LUIGI MANCONI RACCONTA CON GRANDE DIGNITÀ COME VIVE SENZA VEDERCI PIÙ: “NON SO CHE FACCIA ABBIA OBAMA MA PROVO A RIDERE DEL MIO HANDICAP’’

Carlo Verdelli per "La Repubblica"

«Per esempio, io non so che faccia abbia Obama. Nel 2008, quando venne eletto, non ero già più in grado di memorizzarne il volto. Direi che ha una testa ovaloide. È così?». Mentre parla, non ti centra, guarda un po' altrove. «Anche Giovinco, per dire, eroe della mia epopea sportiva. È venuto dopo, e io non so immaginare i tratti del suo viso, né riconoscerne movenze e traiettorie sul campo».

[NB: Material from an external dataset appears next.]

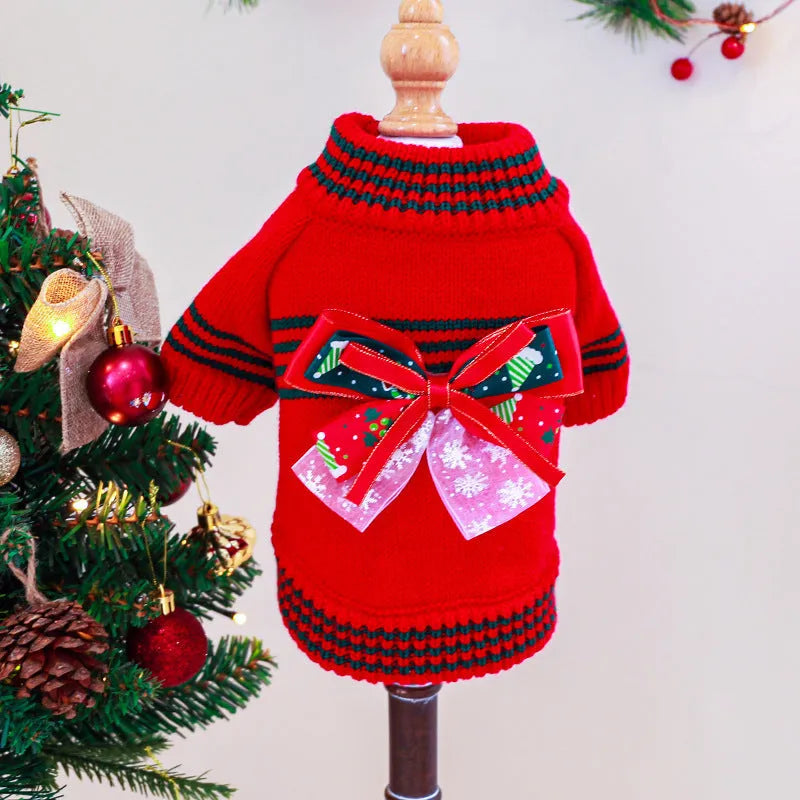 Red and green Merry Christmas print dog sweater for small to large dogs.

«Tutto quello che non ho filmato nel cervello prima della mia patologia, mi è visivamente sconosciuto ». Luigi Manconi, 65 anni, sardo di Sassari, senatore del Pd e fresco presidente della Commissione per i Diritti Umani, oltre a un altro sacco di cose, dalla sociologia alla militanza politica fino a una conoscenza dottorale in musica leggera e popolare, non vede praticamente da 7 anni e non ne ha mai parlato. Per pudore, forse, o per volontà di rimozione.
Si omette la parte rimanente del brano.